Report on Santa Maria (Guatemala) — February 1977
Natural Science Event Bulletin, vol. 2, no. 2 (February 1977)
Managing Editor: David Squires.
Santa Maria (Guatemala) Ash emission increases; ashfall zone extends 70 km to the coast
Please cite this report as:
Global Volcanism Program, 1977. Report on Santa Maria (Guatemala) (Squires, D., ed.). Natural Science Event Bulletin, 2:2. Smithsonian Institution. https://doi.org/10.5479/si.GVP.NSEB197702-342030.
14.757°N, 91.552°W; summit elev. 3745 m
All times are local (unless otherwise noted)
Beginning about 25 January, ash emission from Santiaguito increased significantly. On 8 February, an ash cloud reduced visibility in Quetzaltenango (12 km NNE) to about 10 m and coated vegetation and roofs. On 9 February, ash was still falling "incessantly" on Quetzaltenango. The ashfall zone extends at least 70 km to the Pacific coast, where an "extensive zone" is reportedly affected. The ashfall has been annoying, but no damage or casualties have been reported.

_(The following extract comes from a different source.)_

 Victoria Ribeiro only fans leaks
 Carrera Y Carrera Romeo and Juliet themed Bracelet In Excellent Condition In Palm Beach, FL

Geologic Background. Symmetrical, forest-covered Santa María volcano is part of a chain of large stratovolcanoes that rise above the Pacific coastal plain of Guatemala. The sharp-topped, conical profile is cut on the SW flank by a 1.5-km-wide crater. The oval-shaped crater extends from just below the summit to the lower flank, and was formed during a catastrophic eruption in 1902. The renowned Plinian eruption of 1902 that devastated much of SW Guatemala followed a long repose period after construction of the large basaltic-andesite stratovolcano. The massive dacitic Santiaguito lava-dome complex has been growing at the base of the 1902 crater since 1922. Compound dome growth at Santiaguito has occurred episodically from four vents, with activity progressing W towards the most recent, Caliente. Dome growth has been accompanied by almost continuous minor explosions, with periodic lava extrusion, larger explosions, pyroclastic flows, and lahars.
Information Contacts: Guatemalan press.